We trialled a number of tablet devices, but the one which we thought the most suitable for school use was the Toshiba AT-100. It was reasonably priced and looked as though it was quite a rugged device, suitable for a school environment.
At the time of making this decision, that tablet market was changing at pace, and still is. I have been comfortable with the view that choosing a tablet platform and model one year does not mean that this will necessarily be a fixed environment for subsequent years. I think that schools need to consider the most appropriate device at the time of purchase, but also be prepared to change that position in the future simply because the world of mobile computing is changing so quickly.
The roll at our school is nearly 700 and it would not be practical or financially feasible to consider a 1:1 roll out for every student from day 1. Instead we decided to focus on an individual year group.
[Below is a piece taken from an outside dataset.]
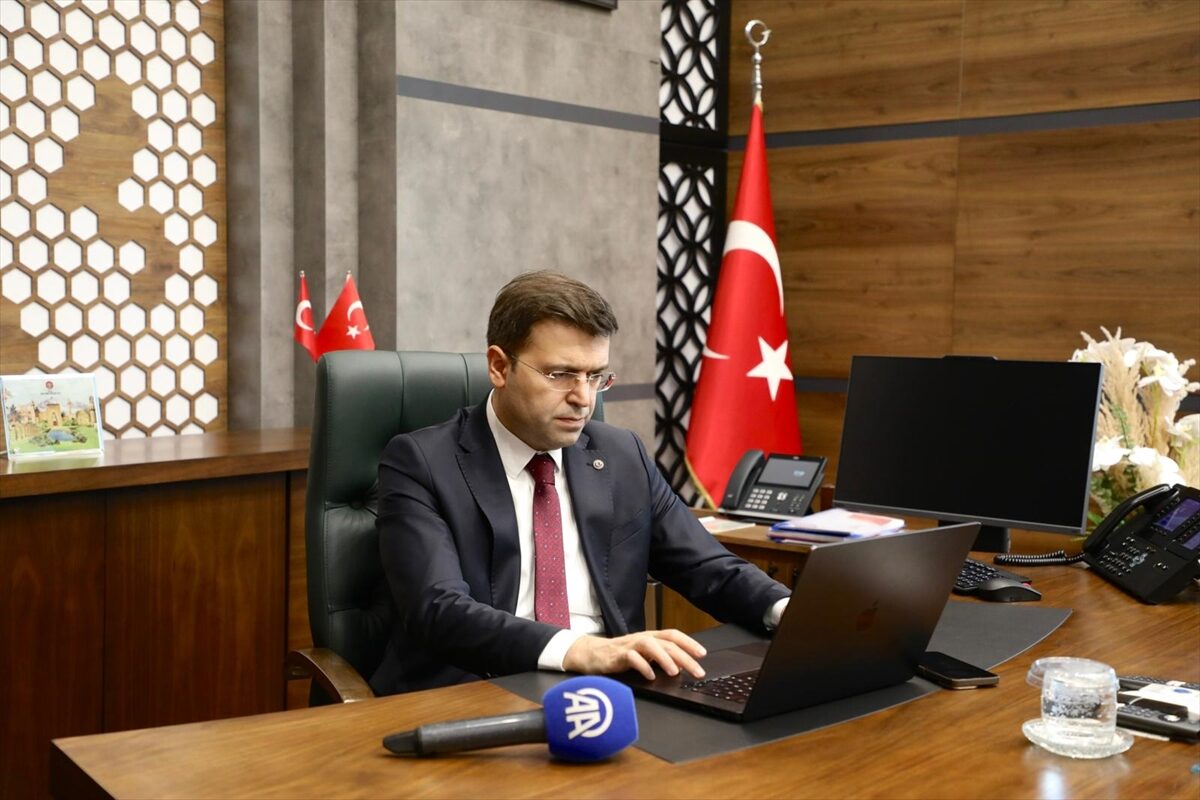 NİĞDE (AA) – Niğde Valisi Nedim Akmeşe, Anadolu Ajansının (AA)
Initially we considered using a funding model where parents are asked to buy into a lease scheme paying around £10-15 per month over a period of two years for their device. However, there were concerns that politically this could be viewed as asking parents to pay for their children’s education and so this idea was shelved. From our visit to Islay, we were interested to learn just how much money they had been able to save in terms of photocopying when moving to 1:1. It was clear that these would not be initial savings, but over time we felt it would be possible to fund the project by reducing photocopying across the school and providing materials electronically. Given this, we decided to pay for the initiative through school budget in the first year, although we later received additional funding from our local authority to pilot the roll-out.
Having decided to roll out the initial 1:1 program with a single year group, we needed to decide which one. In Scottish secondary schools our students attend up to 6 years of education, with the first year (S1) students beginning at age 11-12. Students can choose to leave at any point between the end of S4 and S6.
We also had to consider a realistic lifespan for the devices we were going to purchase. I believe that a tablet device being used in a secondary school environment should have a maximum lifespan of 3 years (we are of course used to dealing with technology in schools which is no longer fit for purpose and which can often be 6+ years old!).
Given all of these factors, we took the decision to make S1 our initial cohort for implementing 1:1. This would allow us to apply the same strategy over subsequent years and within a 3 year period we would have provided all of our S1-3 students with their own device. This strategy does however leave us with a problem in the senior school (S4-6). It does not seem practical to issue our senior students with a tablet device on the basis that they may leave school within a year. Although we have yet to reach a decision on how to manage this, I am continually brought round to thinking that the best solution would be for our senior pupils to bring their own devices into school (BYOD). Clearly there are potential issues with BYOD in schools in terms of device specification, ownership, insurance etc. However, at the moment we are not yet ready to implement BYOD in the senior school because we still have a limited bandwidth, but this is something we will be looking at later in 2013.